The Journey of Charlotte's Water​​

Explore the journey our water makes from the lake, water treatment plant, our home, to the wastewater treatment plant, and back to our creeks and streams. ​

Water is pumped to a Water Treatment Plant. Once a customer uses water wastewater flows to a treatment plant and then a creek.​​​​​

We have pump stations located at Mountain Island Lake and Lake Norman to pump raw water to our treatment plants. Water is pumped during the night when the cost of electricity is low.  Raw water from Mountain Island Lake goes to reservoirs at Franklin Water Treatment Plant and Vest Water Treatment Plant. Raw water diverted from Lake Norman flows by gravity to The Lee S. Dukes Water Treatment Plant.​​

An average of 117 million gallons a day is pumped from our Lee S. Dukes, Franklin or Vest Water Treatment facilities.
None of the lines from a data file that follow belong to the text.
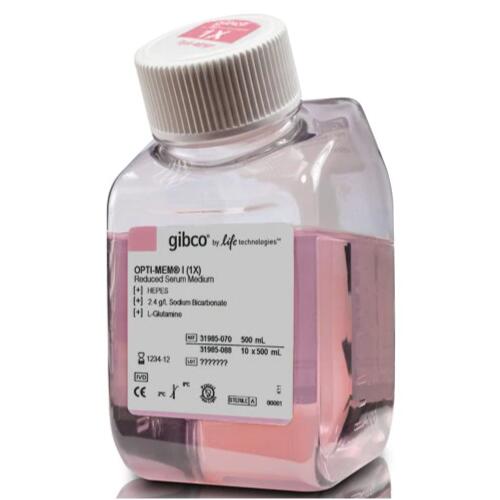 Gibco Opti-MEM  I 減血清培養基31985070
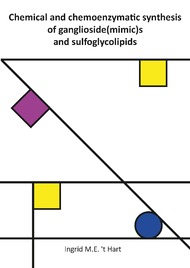 Chemical and chemoenzymatic synthesis of ganglioside(mimic)s and sulfoglycolipids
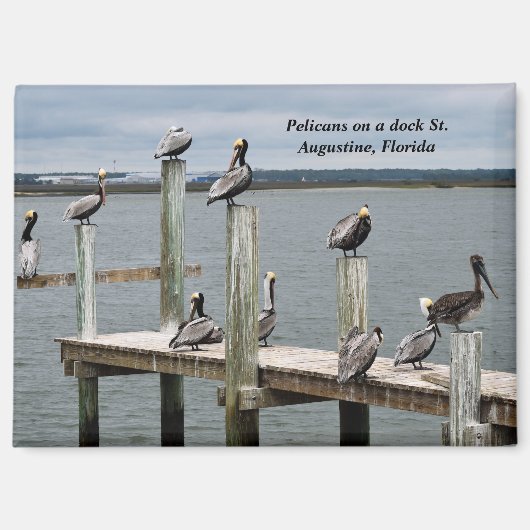 ペリカンが波止場 マグネット (正面)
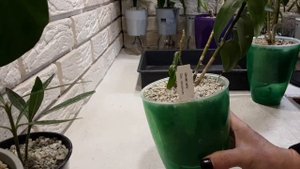 ЦЕОЛИТ для растений ДЕНДРОБИУМ пересадка ВЫРАЩИВАНИЕ в цеолите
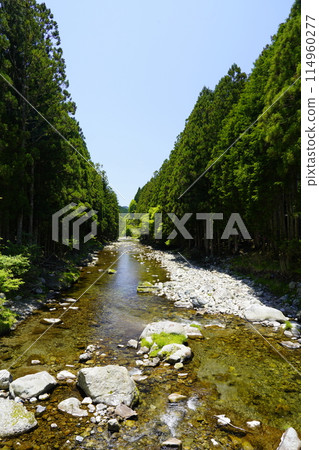 A valley lit up by fresh greenery, Tenkawa Village A valley lit up by fresh greenery, Tenkawa Village 114960277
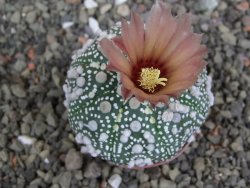 Astrophytum Hanazano Kabuto, pot 5,5 cm - 12407587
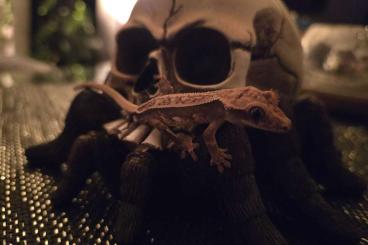 Geckos kaufen und verkaufen Foto: Kronengecko Jungtiere ENZ Geckos kaufen und verkaufen Foto: Kronengecko Jungtiere ENZ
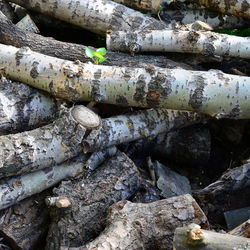 High angle view of logs in forest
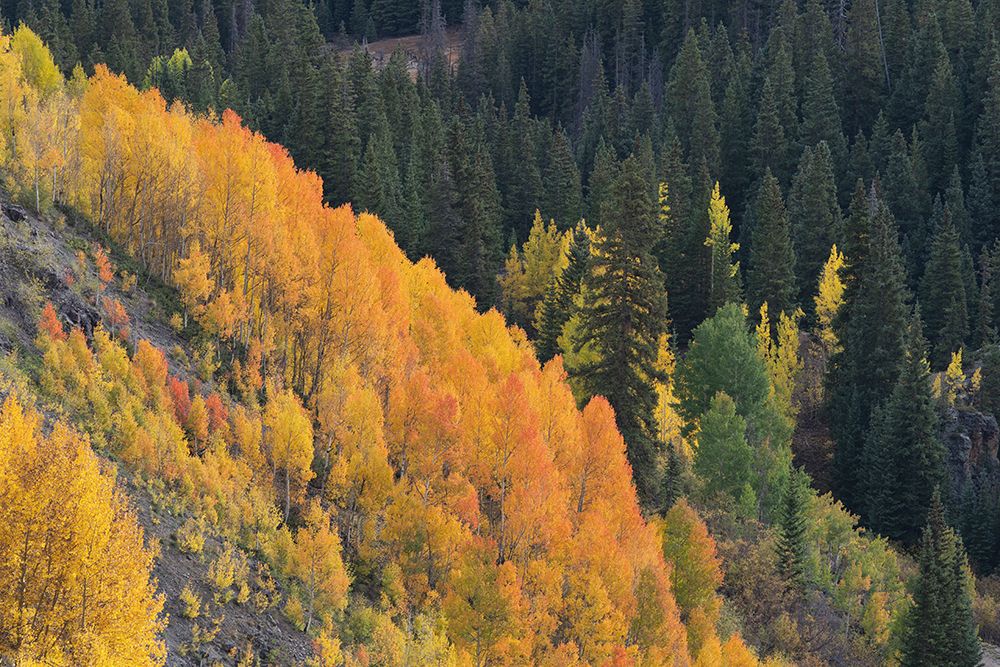 USA-Colorado-Uncompahgre National Forest Aspens on mountainside in autumn art print by Jaynes Gallery for $57.95 CAD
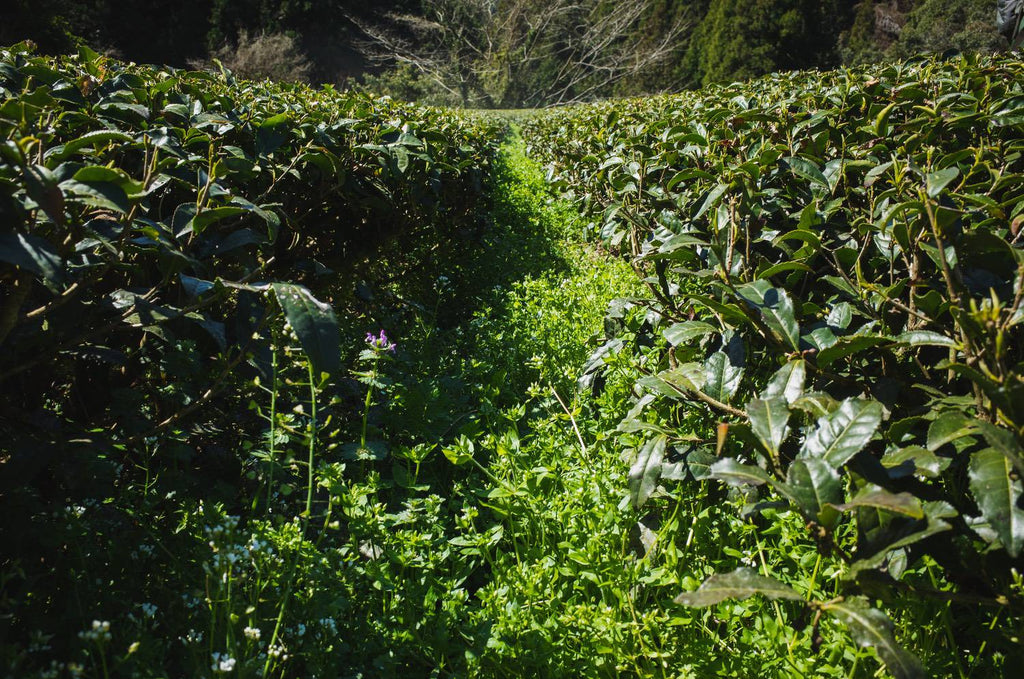 Weed thickly grown in furrow of tea farm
The water goes through various steps to ensure it is safe, clean and ready to be transported via 4,525 miles of water pipes to your home, place of business or school.

Towers help distribute treated water to your home, they provide storage for fire protection and towers help provide pressure to the distribution system. 

Runoff from rainfall goes directly into stormwater drains and straight into our streams. These drains are managed by Storm Water Services, who works year-round to manage the runoff from rainfall, reduce flooding, restore floodplains and protect the water quality of surface waters county-wide.​

An average of 80million gallons of wastewater is treated at our five wastewater treatment plants across the county. Wastewater travels from your home, place of business or school through 4,526miles of wastewater pipes to our treatment plants. The wastewater is separated into liquids and solids. The liquids are cleaned and put back into our creeks and streams, the solids are converted to biosolids.